3) Des catégories brouillées

Mais ici les catégories temporelles sont remplacées par les compléments de lieux : « Ailleurs », « A l’école » : il n’y pas de succession chronologique claire, les lieux sont spacialisés : le poète parcourt des espaces du rêve, à chaque lieu, à chaque rêve est associé à un moment de l’amour.
Les indications temporelles : « ses rendez-vous », « quand elle est malade » et les temps verbaux (présent itératif) indiquent la répétition des mêmes scènes : le rêve détruit le principe de la linéarité chronologique ; il permet de dépasser les cadres de la pensée rationnelle.

III Le mythe orphique

1) La jeune Eurydice du royaume des morts

L’accent est mis sur la fragilité de la jeune fille : « Quand elle est malade », et sur le risque permanent de la perdre : « Elle me quitte. Elle monte dans un bateau » : symbole du passage d’un monde à l’autre, idée latente du passage de la terre à l’eau (la seule juxtaposition des actions manifeste l’indicible de la séparation).
« Je cours d’autant plus vite à ses rendez-vous » : l’image du rêve est fuyante, fragile, incertaine, impossible à fixer .
Enfin deux images renvoient explicitement au mythe : « quand elle se retourne pour me demander la solution d’un problème » : inversion, c’est Eurydice qui se retourne et elle entoure Orphée de ses bras.
« J’ai bien cru, cette nuit-là, que je la ramènerais au jour » : échec de la quête.

2) Le poète

Le dernier rêve se signale précisément par sa singularité : « une fois », « cette nuit-là » : moment unique où le poète s’approche de la réussite : faire surgir les êtres du tréfonds de la nuit, de notre inconscient (amener au jour les trésors de la pensée inconsciente : le réveil est assimilé à la mort : « jusqu’à en mourir, jusqu’à m’éveiller ». Ramener la jeune femme au jour, c’est vaincre la mort).
La fin du poème mime la remontée vers le jour, suivie de la chute : longue énumération et reprise du terme « même » : musicalité douce et lente (sonorité : « m »), et jeu sur le sens (« m’aime »). Puis rupture et chute : retour à la conscience, mouvement déceptif : « Mais ce n’est jamais la même femme ». Jeu de paronymes : mais jamais// même.
Retombée hors du royaume unificateur de la pensée onirique, dans la multiplicité (Le rêve ne connaît que le pronom de la 3ème personne du singulier : «Elle»).
La prédiction finale réinstaure en principe la possibilité de rencontrer toutes les femmes en une seule (valeur forte du futur), mais le complément en italique sonne comme une ironie tragique : le rêve est transparent, mais la vie réelle est opacité (opposition « rencontrerai/ reconnaître »).
Le poème s’achève donc de façon ambiguë sur l’expression initiale « aimant l’amour », sorte de devise poétique, mais aussi peut-être image de la reprise incessante de la quête de l’unité à travers le multiple, de la quête poétique. De façon plus pessimiste, on peut y voir une image de la malédiction qui pèse sur l’amant, pris entre son désir d’absolu et la quête de la femme réelle.

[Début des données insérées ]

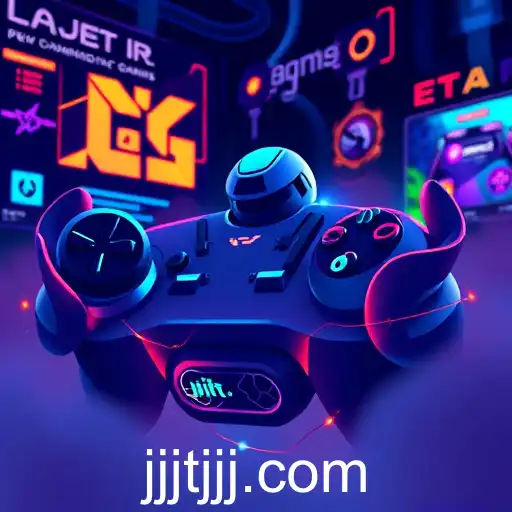 The Rise of Online Gaming Communities in 2025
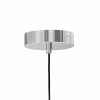 Подвес Lightstar Sferetta 801004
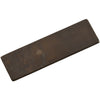 Mitutoyo 1.35mm Rectangular Steel Gage Block Inspection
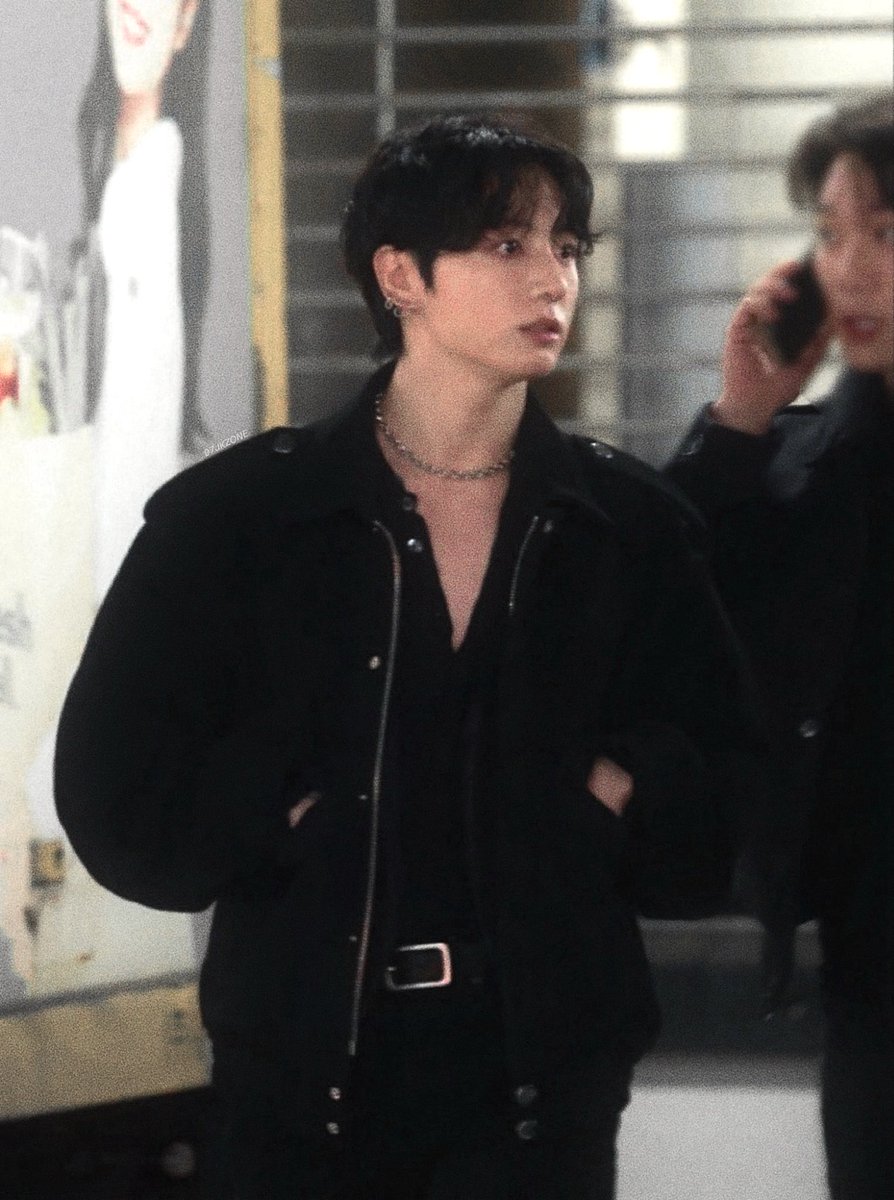 ۟ (@jeonfcs) on Twitter photo 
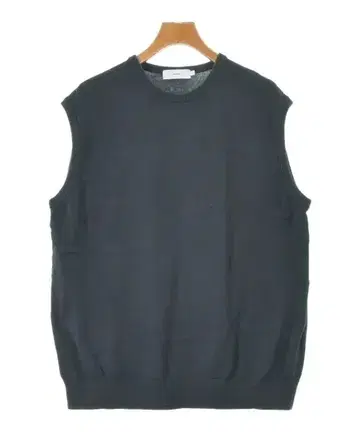 Graphpaper 베스트 남성용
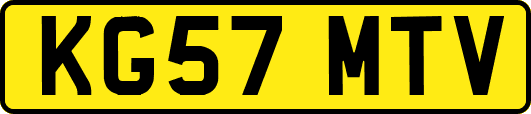 KG57MTV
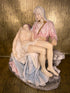 Pieta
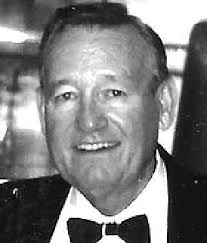 Wayne Long Obituary (2018)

Dali, portrait de Paul Eluard, 1929, collection  privée

Conclusion :

Un poème d’une complexité et d’une richesse extrême sous l’apparente simplicité et sous la transparence de la langue d’Eluard. L’amour prend ici une forme initiatique et la jeune femme apparaît comme la médiatrice entre le royaume du rêve et la vie réelle, entre l’ombre de la mort et la lumière de l’amour. Si le poème relate un échec, il reste en lui-même une réussite : il ramène au jours une impression onirique en donnant à voir au lecteur la beauté troublante et lumineuse de nos rêves.